• Mette Simonsen
  • Cecilie Overgaard Jensen
The International Federation for Housing and Planning (IFHP) is in the lead of a newly developed planning tool, called the Social Cities Programme (SCP), which is being tested in five Danish municipalities: Frederiksberg, Gladsaxe, Middelfart, Skive and Aalborg. The SCP aims at simplifying the complexity of social sustainability through a quantitative index – a methodology pertaining to a particular conception, which is sought diffused to the five Danish municipalities. To address this problem, the following research question has been posed: How is the IFHP’s Social Cities Programme (SCP) functioning as a governance tool to shape Danish municipal conception and practice of social sustainability? The research finds that the SCP is launched in the wake of an internal crisis in the IFHP, for which reason there is a bias in the visible agenda of enhancing the social sustainability of cities.
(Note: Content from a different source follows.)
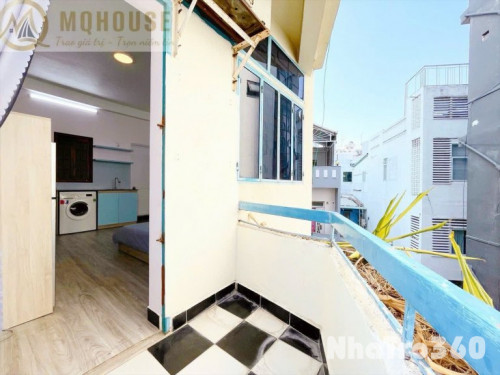 Cho thuê căn hộ Studio Ban công, Máy giặt riêng Q1 gần cầu Kiệu, chợ Tân Định, nhà thờ Tân Định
Due to the SCP’s appealing format is has functioned as a governance tool in two municipalities, where ongoing projects were ready to implement the SCP’s methodology. It is moreover found, that two other municipalities already have a conception and practice of social sustainability aligned with the SCP, as it is politically prioritised. It is therefore argued, that the SCP potentially can function as a governance tool in other municipalities as well, depending on factors such as timing, political landscape, interdisciplinary collaboration and existing planning practice. Finally, it is argued that the complex nature of social sustainability, to a certain extent, can be handled through the use of indices, however with the risk of depoliticising social sustainability and potentially urban planning, for which reason indices must be informative rather than guiding.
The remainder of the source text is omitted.